Figure 17 reveals that the influence of rotational speed on cuttings concentration is subject to certain limitations. When the flow velocity is set at 0.84 m/s, increasing the drill pipe rotational speed yields the most significant reduction in cuttings concentration. At a flow velocity of 0.42 m/s, an increase in rotational speed can still lower cuttings concentration, albeit not sufficiently to meet wellbore cleanliness standards. When the flow velocity is 1.25 m/s, the concentration of cuttings in the annulus is virtually zero, rendering any further optimization from increased rotational speed unobservable.

Fig. 17
figure 17

The relationship between rotational speed and rock debris concentration at different flow rates when power-law fluid is used.

Upon comparing Figs. 15, 16 and 17, it becomes evident that as the drilling fluid flow velocity escalates, the concentration of cuttings precipitously declines, underscoring the substantial influence of flow velocity on cuttings concentration. However, it is important to note that the annular flow velocity is primarily determined by the pump discharge rate, and increasing this rate can lead to a significant rise in annular pressure drop. An increase in drill pipe rotational speed also contributes to a reduction in cuttings concentration, albeit with certain limitations. Specifically, when the flow velocity is relatively low, the impact of drill pipe rotation on cuttings concentration is somewhat restricted. It is only by concurrently increasing the flow velocity while maintaining drill pipe rotation that the cuttings concentration can be more effectively minimized. This is because, at excessively low discharge rates, the substantial accumulation of cuttings significantly heightens the resistance encountered during drill pipe rotation, making it challenging to disrupt the cuttings bed. Conversely, at excessively high discharge rates, the concentration of cuttings in the annulus is too low to discern any notable effect of drill pipe rotation.

Conclusion

  1. (1)

    This study thoroughly investigated the transportation characteristics of non-uniform cuttings particles in long horizontal wells, discovering that the size distribution of cuttings, well inclination angle, and drilling fluid flow rate are key factors affecting the efficiency of cuttings migration.
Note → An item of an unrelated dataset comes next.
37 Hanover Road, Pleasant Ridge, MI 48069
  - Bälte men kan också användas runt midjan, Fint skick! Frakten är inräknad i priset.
Notably, when the drilling fluid flow rate exceeds a critical value, it can effectively prevent the accumulation of cuttings, ensuring the cleanliness of the well bottom, which is of significant importance for optimizing drilling parameters and enhancing drilling efficiency.

  2. (2)

    The rheological properties of the drilling fluid and the rotation speed of the drill string have a significant synergistic effect on cuttings migration. Increasing the density and viscosity of the drilling fluid is beneficial for cuttings transport, and the rotation of the drill string, by increasing the tangential velocity of the fluid in the annulus, improves the carrying efficiency of cuttings. These findings provide theoretical support for improving the drilling efficiency and bottomhole cleanliness in long horizontal wells.

  3. (3)

    Based on the understanding of cuttings migration behavior, a series of bottomhole cleaning strategies have been proposed, including optimizing flow rates and controlling well inclination angles. These strategies have shown significant effects in improving the drilling efficiency of long horizontal wells, providing a theoretical basis for the optimization of drilling techniques under complex geological conditions.